We'll use TF-Hub's pretrained embedding exporter for converting the word embeddings to a text embedding module first and then use the module to train a classifier with tf.keras, Tensorflow's high level user friendly API to build deep learning models. Even if we are using fastText embeddings here, it's possible to export any other embeddings pretrained from other tasks and quickly get results with Tensorflow hub.
Setup
# https://github.com/pypa/setuptools/issues/1694#issuecomment-466010982
pip install -q gdown --no-use-pep517
sudo apt-get install -y unzip
Reading package lists... Building dependency tree... Reading state information... unzip is already the newest version (6.0-21ubuntu1). The following packages were automatically installed and are no longer required: dconf-gsettings-backend dconf-service dkms freeglut3 freeglut3-dev glib-networking glib-networking-common glib-networking-services gsettings-desktop-schemas libcairo-gobject2 libcolord2 libdconf1 libegl1-mesa libepoxy0 libglu1-mesa libglu1-mesa-dev libgtk-3-0 libgtk-3-common libice-dev libjansson4 libjson-glib-1.0-0 libjson-glib-1.0-common libproxy1v5 librest-0.7-0 libsm-dev libsoup-gnome2.4-1 libsoup2.4-1 libwayland-cursor0 libwayland-egl1 libxfont2 libxi-dev libxkbcommon0 libxkbfile1 libxmu-dev libxmu-headers libxnvctrl0 libxt-dev linux-gcp-headers-5.0.0-1026 linux-headers-5.0.0-1026-gcp linux-image-5.0.0-1026-gcp linux-modules-5.0.0-1026-gcp pkg-config policykit-1-gnome python3-xkit screen-resolution-extra x11-xkb-utils xserver-common xserver-xorg-core-hwe-18.04 Use 'sudo apt autoremove' to remove them. 0 upgraded, 0 newly installed, 0 to remove and 102 not upgraded.
import os
import tensorflow as tf
import tensorflow_hub as hub
import gdown
import numpy as np
from sklearn.metrics import classification_report
import matplotlib.pyplot as plt
import seaborn as sns
Dataset
We will use BARD (Bangla Article Dataset) which has around 3,76,226 articles collected from different Bangla news portals and labelled with 5 categories : economy, state, international, sports and entertainment. We download the file from Google Drive this (bit.ly/BARD_DATASET) link is referring to from this GitHub repository.
gdown.download(
url='https://drive.google.com/uc?id=1Ag0jd21oRwJhVFIBohmX_ogeojVtapLy',
output='bard.zip',
quiet=True
)
'bard.zip'
unzip -qo bard.zip
Export pretrained word vectors to TF-Hub module
TF-Hub provides some handy scripts for converting word embeddings to TF-hub text embedding modules here. To make the module for Bangla or any other languages we simply have to download the word embedding .txt or .vec file to the same directory as export_v2.py and run the script.
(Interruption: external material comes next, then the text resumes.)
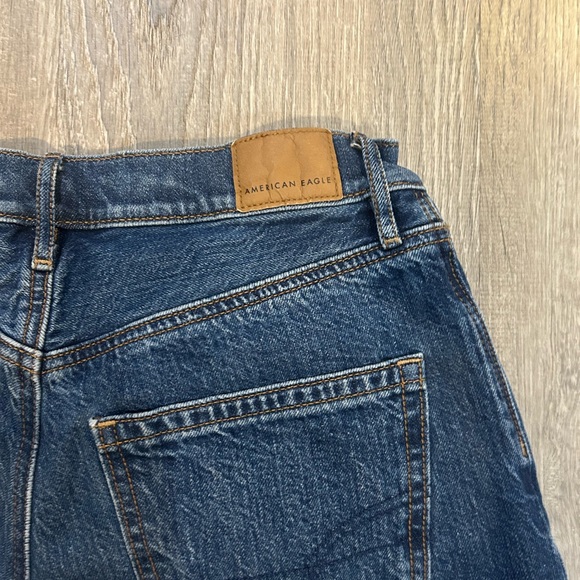 American Eagle Outfitters Dark Blue Frayed Jean Shorts size 2 EUC - Picture 8 of 9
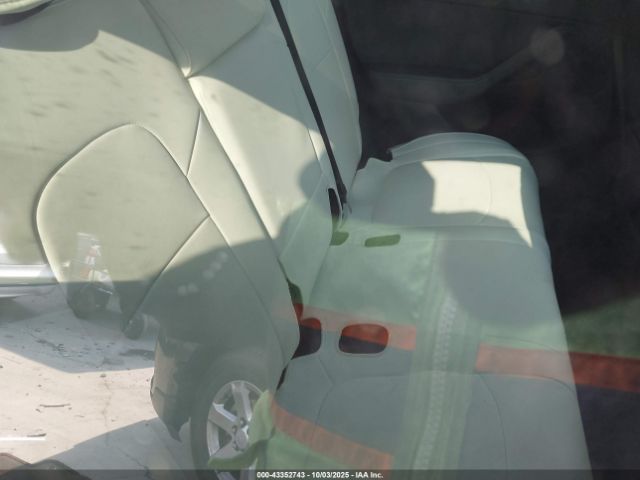 2021 TESLA MODEL Y 5YJYGDEE3MF280224 Photo 7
The exporter reads the embedding vectors and exports it to a Tensorflow SavedModel. A SavedModel contains a complete TensorFlow program including weights and graph. TF-Hub can load the SavedModel as a module which we will use to build the model for text classification. Since we are using tf.keras to build the model we will use hub.KerasLayer which provides a wrapper for a hub module to use as a Keras Layer.
First we will get our word embeddings from fastText and embedding exporter from TF-Hub repo.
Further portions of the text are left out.